▶ [WHAT TO PRODUCE] Would you print the material exactly, starting at its first line and ending at the line holding "Hey everyone, it"?

▶ [ENTRIES PROVIDED]
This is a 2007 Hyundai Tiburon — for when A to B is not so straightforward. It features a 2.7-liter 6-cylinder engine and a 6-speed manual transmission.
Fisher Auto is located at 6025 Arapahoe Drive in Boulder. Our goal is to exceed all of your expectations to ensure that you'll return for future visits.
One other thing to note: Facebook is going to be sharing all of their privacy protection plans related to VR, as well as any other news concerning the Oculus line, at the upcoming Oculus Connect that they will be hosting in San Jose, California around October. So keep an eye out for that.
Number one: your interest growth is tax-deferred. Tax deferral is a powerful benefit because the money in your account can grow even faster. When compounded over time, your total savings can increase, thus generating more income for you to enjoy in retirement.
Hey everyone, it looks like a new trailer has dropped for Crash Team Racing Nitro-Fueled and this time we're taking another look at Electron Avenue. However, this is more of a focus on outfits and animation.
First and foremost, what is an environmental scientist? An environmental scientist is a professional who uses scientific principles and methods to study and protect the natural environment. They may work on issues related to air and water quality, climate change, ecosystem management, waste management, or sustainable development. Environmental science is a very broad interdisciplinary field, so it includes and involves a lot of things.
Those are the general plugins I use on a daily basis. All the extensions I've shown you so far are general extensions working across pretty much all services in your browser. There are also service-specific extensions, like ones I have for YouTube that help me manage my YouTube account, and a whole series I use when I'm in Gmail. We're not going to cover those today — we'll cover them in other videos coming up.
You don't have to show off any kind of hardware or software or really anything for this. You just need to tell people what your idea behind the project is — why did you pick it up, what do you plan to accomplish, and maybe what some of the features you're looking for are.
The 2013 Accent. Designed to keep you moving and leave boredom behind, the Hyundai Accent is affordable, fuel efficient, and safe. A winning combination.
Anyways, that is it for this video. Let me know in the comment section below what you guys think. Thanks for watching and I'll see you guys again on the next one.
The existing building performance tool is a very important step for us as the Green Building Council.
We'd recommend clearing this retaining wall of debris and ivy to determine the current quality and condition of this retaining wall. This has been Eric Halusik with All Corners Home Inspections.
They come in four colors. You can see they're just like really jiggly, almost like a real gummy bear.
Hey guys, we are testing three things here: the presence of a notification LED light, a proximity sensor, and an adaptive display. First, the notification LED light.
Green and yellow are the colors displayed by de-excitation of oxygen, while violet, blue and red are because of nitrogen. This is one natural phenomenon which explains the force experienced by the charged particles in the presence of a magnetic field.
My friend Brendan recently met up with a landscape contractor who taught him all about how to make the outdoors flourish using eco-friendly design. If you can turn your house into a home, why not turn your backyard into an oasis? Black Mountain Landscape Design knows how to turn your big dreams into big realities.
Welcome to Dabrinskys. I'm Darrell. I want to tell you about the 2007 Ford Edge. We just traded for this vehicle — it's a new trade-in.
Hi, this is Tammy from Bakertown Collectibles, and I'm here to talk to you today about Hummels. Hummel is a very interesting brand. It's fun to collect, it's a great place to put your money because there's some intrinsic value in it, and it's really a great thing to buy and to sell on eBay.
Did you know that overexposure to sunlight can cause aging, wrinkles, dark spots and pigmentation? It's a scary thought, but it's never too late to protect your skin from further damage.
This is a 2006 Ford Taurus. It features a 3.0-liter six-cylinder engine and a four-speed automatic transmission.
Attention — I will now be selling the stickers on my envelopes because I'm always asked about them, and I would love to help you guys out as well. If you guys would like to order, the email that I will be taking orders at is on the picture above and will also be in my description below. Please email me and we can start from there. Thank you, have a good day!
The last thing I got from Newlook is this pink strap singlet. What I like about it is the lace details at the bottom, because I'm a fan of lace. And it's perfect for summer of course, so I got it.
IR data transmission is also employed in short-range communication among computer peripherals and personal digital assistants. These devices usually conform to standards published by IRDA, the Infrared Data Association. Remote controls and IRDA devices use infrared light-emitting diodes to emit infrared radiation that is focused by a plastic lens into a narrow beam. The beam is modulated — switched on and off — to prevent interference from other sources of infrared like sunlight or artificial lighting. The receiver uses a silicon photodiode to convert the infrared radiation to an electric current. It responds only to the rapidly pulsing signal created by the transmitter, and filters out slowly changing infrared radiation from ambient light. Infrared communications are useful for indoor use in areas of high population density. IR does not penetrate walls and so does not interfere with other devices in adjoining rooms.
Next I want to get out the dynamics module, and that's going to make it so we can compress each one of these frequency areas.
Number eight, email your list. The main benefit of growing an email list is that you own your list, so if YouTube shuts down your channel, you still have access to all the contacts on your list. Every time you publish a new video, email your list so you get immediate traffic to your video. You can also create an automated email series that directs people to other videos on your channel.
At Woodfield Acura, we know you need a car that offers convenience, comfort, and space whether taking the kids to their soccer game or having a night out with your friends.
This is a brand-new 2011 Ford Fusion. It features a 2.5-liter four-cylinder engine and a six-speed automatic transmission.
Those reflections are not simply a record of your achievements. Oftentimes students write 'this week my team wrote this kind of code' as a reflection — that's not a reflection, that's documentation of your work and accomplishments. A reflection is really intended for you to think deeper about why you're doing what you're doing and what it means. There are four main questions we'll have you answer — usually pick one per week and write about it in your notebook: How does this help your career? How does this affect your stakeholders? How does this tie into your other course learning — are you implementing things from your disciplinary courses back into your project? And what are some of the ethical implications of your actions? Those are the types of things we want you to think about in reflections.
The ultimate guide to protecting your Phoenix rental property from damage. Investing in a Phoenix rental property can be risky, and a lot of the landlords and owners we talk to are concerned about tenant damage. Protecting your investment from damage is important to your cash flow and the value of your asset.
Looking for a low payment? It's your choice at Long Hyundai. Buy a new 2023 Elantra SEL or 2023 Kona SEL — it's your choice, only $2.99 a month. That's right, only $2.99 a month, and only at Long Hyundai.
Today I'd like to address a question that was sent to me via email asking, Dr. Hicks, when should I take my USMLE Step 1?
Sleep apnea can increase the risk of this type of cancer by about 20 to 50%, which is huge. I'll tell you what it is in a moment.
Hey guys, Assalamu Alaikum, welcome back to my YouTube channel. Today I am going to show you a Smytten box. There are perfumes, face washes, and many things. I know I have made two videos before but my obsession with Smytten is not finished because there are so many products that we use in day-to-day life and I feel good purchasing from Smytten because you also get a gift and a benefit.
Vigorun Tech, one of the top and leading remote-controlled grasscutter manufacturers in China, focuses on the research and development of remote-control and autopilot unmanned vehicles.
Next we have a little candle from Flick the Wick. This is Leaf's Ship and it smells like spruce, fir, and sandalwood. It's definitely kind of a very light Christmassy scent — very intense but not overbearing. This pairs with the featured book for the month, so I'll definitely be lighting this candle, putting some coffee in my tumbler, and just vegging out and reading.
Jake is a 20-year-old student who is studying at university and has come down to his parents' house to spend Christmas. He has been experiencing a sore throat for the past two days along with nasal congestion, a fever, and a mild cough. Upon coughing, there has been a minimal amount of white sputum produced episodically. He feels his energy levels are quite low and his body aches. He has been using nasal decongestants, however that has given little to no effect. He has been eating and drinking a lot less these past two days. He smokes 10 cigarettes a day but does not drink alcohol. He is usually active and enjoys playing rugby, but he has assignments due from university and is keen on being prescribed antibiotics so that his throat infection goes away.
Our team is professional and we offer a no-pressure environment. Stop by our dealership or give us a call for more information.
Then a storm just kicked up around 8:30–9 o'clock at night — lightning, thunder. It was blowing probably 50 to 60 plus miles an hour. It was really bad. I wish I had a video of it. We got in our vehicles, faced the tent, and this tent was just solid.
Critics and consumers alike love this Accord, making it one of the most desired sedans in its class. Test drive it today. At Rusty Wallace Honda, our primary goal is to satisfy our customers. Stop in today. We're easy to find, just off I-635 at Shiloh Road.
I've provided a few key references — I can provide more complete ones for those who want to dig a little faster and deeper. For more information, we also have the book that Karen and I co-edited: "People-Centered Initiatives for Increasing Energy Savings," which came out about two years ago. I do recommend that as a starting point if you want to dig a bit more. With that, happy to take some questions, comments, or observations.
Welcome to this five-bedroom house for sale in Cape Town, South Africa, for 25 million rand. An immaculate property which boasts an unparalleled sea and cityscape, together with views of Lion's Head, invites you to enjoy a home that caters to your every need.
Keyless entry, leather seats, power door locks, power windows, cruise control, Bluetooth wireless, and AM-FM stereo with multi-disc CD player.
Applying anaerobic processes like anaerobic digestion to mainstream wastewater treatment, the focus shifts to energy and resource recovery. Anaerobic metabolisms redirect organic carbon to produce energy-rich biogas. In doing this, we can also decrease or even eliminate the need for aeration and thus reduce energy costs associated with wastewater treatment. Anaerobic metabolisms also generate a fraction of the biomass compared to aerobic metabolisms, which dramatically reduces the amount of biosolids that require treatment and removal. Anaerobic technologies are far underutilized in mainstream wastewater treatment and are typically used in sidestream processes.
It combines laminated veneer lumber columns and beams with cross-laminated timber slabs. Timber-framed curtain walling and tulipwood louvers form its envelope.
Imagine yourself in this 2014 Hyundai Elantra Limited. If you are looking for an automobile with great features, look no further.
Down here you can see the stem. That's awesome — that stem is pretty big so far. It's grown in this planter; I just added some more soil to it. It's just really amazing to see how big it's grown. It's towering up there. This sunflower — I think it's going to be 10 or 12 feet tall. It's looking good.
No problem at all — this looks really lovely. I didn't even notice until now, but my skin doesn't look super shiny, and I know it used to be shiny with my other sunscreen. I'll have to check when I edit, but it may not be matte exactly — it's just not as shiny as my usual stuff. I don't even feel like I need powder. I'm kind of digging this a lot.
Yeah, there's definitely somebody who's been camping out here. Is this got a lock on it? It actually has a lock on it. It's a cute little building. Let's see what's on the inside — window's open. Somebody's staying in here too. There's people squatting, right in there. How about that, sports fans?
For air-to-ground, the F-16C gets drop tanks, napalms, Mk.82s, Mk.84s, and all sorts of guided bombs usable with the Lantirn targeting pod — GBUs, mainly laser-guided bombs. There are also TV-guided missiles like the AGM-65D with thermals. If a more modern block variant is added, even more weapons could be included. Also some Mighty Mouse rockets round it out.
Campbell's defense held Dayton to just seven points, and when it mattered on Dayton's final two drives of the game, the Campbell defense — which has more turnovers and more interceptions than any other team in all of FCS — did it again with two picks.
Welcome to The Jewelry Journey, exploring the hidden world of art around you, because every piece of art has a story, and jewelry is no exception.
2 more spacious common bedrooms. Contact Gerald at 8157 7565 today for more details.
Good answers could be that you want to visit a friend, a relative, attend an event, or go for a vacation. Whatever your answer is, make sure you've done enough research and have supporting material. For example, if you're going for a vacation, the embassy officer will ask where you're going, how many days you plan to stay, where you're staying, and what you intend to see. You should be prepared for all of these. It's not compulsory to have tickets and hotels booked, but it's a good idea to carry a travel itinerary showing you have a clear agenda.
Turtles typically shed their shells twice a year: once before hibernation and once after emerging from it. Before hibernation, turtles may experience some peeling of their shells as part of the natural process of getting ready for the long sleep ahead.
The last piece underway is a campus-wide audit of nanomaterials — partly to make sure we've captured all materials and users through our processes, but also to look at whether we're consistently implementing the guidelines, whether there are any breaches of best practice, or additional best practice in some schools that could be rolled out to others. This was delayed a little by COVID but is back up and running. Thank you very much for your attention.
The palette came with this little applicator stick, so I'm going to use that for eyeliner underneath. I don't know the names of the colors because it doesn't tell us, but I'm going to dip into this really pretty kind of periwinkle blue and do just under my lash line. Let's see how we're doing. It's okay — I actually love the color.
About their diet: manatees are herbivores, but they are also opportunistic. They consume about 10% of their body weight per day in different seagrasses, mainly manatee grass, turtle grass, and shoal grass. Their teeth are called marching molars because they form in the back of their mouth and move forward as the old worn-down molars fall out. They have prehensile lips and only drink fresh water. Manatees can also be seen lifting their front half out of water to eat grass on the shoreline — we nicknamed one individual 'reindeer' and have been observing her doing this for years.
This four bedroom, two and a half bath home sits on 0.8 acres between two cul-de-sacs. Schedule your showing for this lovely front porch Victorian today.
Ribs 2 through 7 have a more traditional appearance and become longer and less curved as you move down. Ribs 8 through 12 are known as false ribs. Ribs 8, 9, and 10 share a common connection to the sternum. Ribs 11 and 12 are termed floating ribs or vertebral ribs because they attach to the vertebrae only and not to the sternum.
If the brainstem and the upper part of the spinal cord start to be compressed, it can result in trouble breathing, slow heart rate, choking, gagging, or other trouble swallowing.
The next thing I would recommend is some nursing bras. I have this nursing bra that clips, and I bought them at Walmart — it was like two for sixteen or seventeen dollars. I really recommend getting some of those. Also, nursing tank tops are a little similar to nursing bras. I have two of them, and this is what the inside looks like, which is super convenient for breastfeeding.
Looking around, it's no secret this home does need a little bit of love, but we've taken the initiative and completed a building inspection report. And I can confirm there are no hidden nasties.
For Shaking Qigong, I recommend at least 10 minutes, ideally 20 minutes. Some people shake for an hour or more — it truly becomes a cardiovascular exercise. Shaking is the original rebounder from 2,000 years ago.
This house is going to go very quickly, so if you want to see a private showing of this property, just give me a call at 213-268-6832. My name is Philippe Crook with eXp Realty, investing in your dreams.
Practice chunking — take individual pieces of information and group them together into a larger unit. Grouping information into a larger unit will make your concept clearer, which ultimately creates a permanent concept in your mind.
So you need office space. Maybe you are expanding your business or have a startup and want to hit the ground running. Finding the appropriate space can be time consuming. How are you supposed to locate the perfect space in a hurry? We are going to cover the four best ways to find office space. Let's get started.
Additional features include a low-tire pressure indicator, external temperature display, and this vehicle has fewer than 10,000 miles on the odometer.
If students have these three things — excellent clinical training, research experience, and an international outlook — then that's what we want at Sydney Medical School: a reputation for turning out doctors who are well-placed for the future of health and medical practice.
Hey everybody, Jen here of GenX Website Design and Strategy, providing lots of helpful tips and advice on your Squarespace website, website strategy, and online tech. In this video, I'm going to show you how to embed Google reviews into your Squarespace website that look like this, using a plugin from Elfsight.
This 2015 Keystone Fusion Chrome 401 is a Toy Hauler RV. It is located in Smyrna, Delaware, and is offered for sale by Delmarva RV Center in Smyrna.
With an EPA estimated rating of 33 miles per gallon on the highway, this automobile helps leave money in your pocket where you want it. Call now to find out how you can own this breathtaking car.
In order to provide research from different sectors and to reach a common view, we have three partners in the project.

▶ [REPLY TO THE EXERCISE]
This is a 2007 Hyundai Tiburon — for when A to B is not so straightforward. It features a 2.7-liter 6-cylinder engine and a 6-speed manual transmission.
Fisher Auto is located at 6025 Arapahoe Drive in Boulder. Our goal is to exceed all of your expectations to ensure that you'll return for future visits.
One other thing to note: Facebook is going to be sharing all of their privacy protection plans related to VR, as well as any other news concerning the Oculus line, at the upcoming Oculus Connect that they will be hosting in San Jose, California around October. So keep an eye out for that.
Number one: your interest growth is tax-deferred. Tax deferral is a powerful benefit because the money in your account can grow even faster. When compounded over time, your total savings can increase, thus generating more income for you to enjoy in retirement.
Hey everyone, it looks like a new trailer has dropped for Crash Team Racing Nitro-Fueled and this time we're taking another look at Electron Avenue. However, this is more of a focus on outfits and animation.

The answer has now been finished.